消費増税問題と民主党政権運営について

埼玉県所沢市 河登 一郎

1.財政悪化の最大の原因は「官」/公権力を中心とし、特別会計を含む血税の浪費構造であり、その凄まじい実態を具体的に知悉していたのが民主党でした。だからこそ、マニフェストに明記し、候補者が大声で主張し、国民が圧倒的に支持したのです。

2.しかし、現実に政権についてみると、官僚組織は想像以上に強力だった。それは賢いか否かの違いというより、行政に関する知識の量と経験の圧倒的な違い=プロとアマの違いです。
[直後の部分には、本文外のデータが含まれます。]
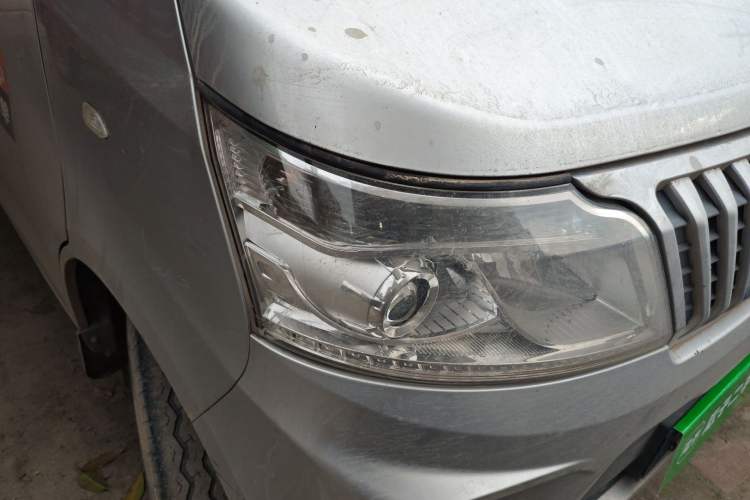 Used CHANGAN KAICHENG Ruixing M60 2020 1.5L Standard Version China VI 6-Seater DAM15KR Right Front Headlight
「政治主導」は機能せず、実態は「官僚主導」です。

その結果、部分的には「天下りを減らし」「財源を捻出した」面はあっても、トータルとしては「換骨奪胎」「焼け太り」が事実上の成果として残りました。

3.消費税増税による増収が大きく目減りする点について整理し直すと、

(1)逆進性を是正するためにきめ細かく手を入れるほど、その分は目減りし、そのための行政経費は無視できず、それでも不公平は大きく残る、

(2)益税の目減りと不公平、輸出品への還付による目減りと不公平、

(3)最大の目減りは消費減(景気/経済成長へのマイナス)です。

@GNP決定要素は消費税だけではありませんから正確な試算はできませんが、この構造的不況の下で消費税を上げれば国民が消費を控えることは自明です。

A民主党政権もさすがにそれは分かっているから、増税法案に「成長率が実質2%を切れば増税は実施しない」趣旨の付帯条件を付けましたが、官僚は曖昧な表現で作文しているので、増税は実行されるでしょう。

4.野田首相が云われるように「消費税増税と並行してムダ遣い削減策を粛々と」実行できれば良いけれど、現実は逆の方向へ爆走中です:

(1)大型公共事業が(自民党が凍結していたムダな事業も含めて)一斉に復活しています。

(2)「東日本大震災」の美名に隠れて、使い切れないほどの大型予算を計上し、被災者ではなく「除染ムラ」「震災がれき広域処理ムラ」が密室内で凄まじい利権に群がっています。

(3)3党合意で増税案付則に「防災・減災強化」を織込み、自民党は「10年間で200兆円の公共事業」!を支出する「国土強靭化基本法案」を提出しました。消費増税で消費が減るので、経済活性化対策は必要ですが、大型公共事業への大判振る舞いは最悪の選択です。

1)「10年間で200兆円」と云う超巨額予算を使うためには、ムダな/有害な公共事業にもジャブジャブと血税が費消されることは目に見えています。

2)大型公共事業は多くの場合、随意契約や指名入札で天下り事業体が高値で受注する癒着/腐敗の構造が変わっていません。「退治する」はずの民主党政権がムダを拡大しています。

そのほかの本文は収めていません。